Collected data entries
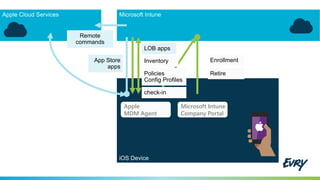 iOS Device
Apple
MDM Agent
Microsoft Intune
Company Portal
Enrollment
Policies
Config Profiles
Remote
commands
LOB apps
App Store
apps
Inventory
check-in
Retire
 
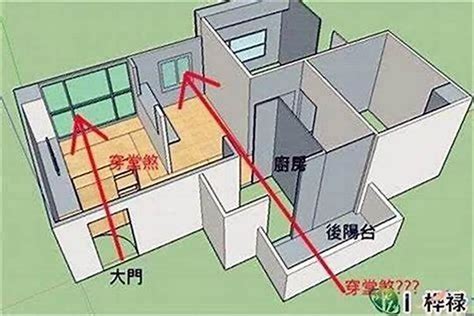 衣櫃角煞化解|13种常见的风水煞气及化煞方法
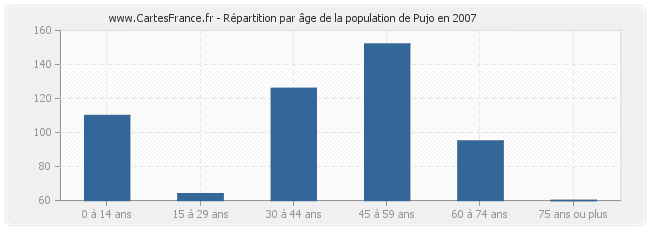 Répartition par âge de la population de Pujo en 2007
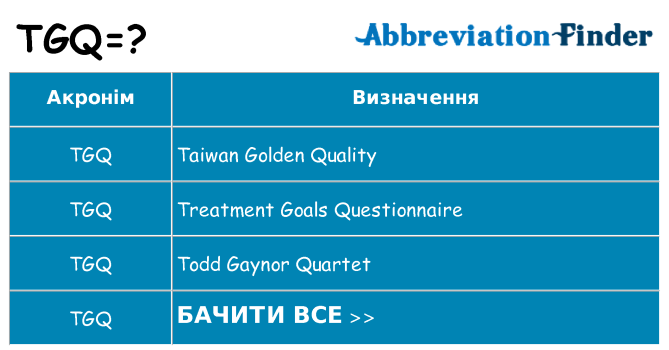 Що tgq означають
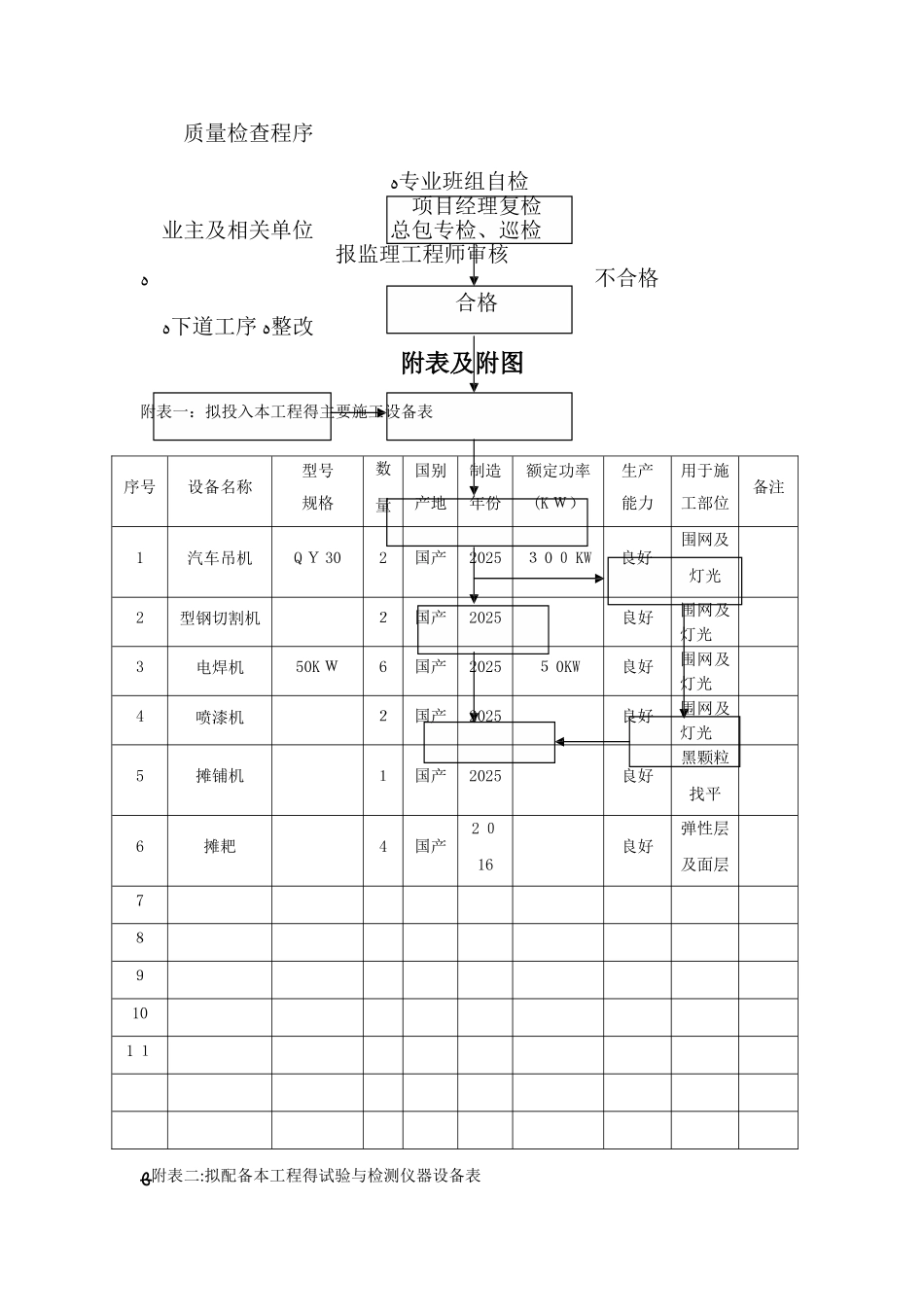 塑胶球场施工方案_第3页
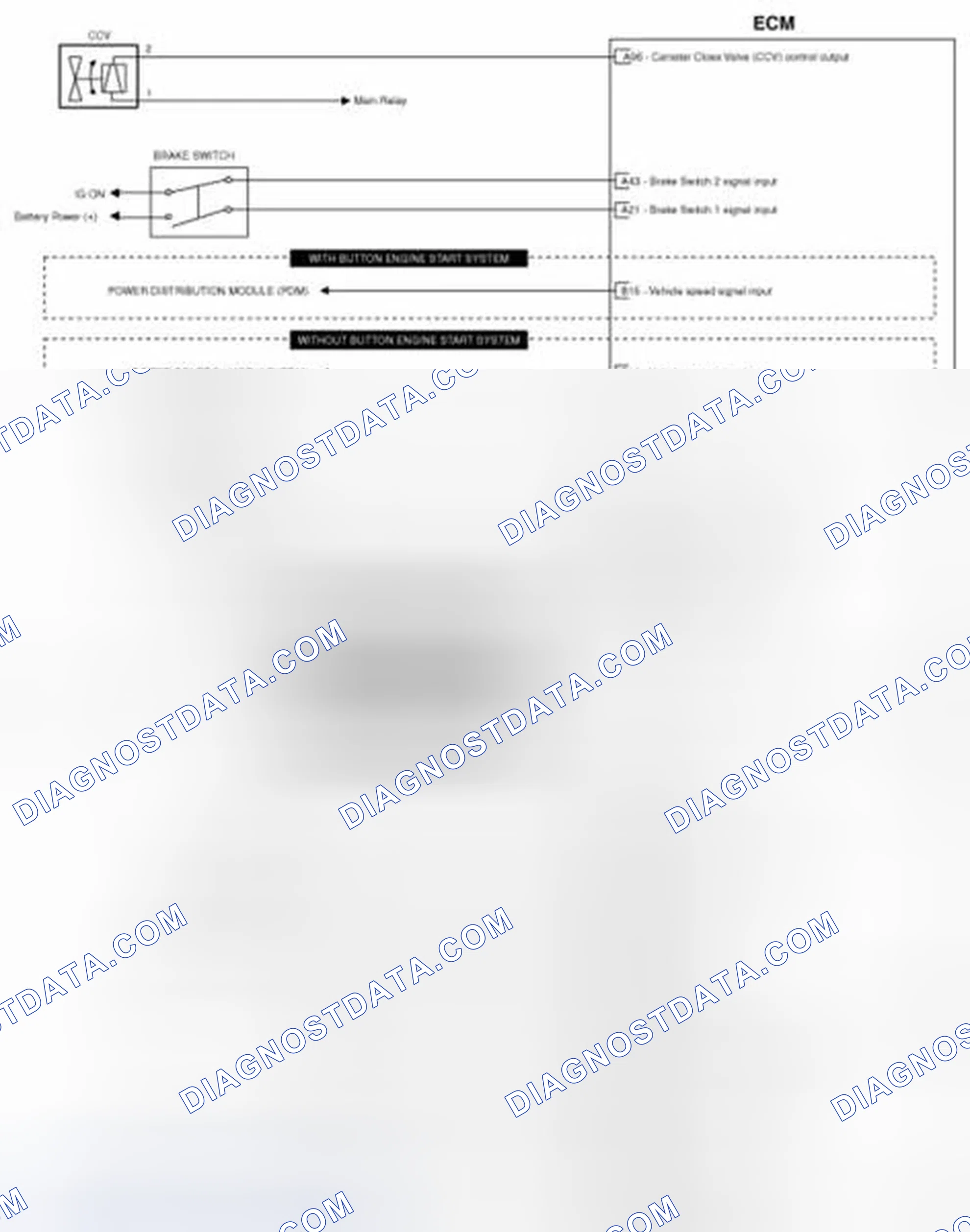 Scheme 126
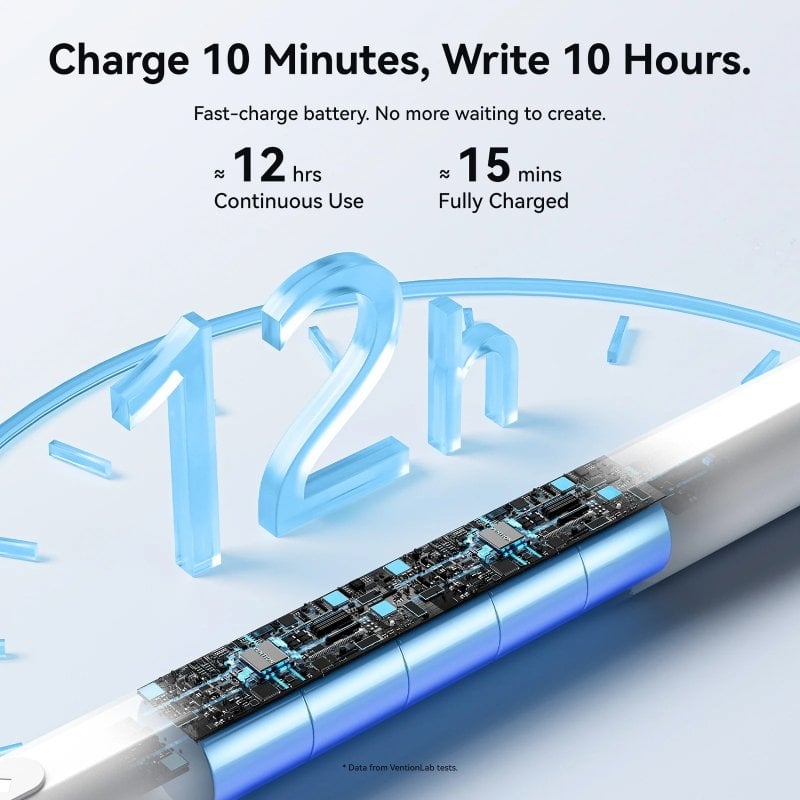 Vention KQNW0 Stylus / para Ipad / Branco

• **What you will do**: Here the lines from the one with "Répartition par âge" through the last line of the data above need to be repeated exactly, both included, and any picture omitted.

• **Answer to this problem**:
 Répartition par âge de la population de Pujo en 2007
 Що tgq означають
 塑胶球场施工方案_第3页
 Scheme 126
 Vention KQNW0 Stylus / para Ipad / Branco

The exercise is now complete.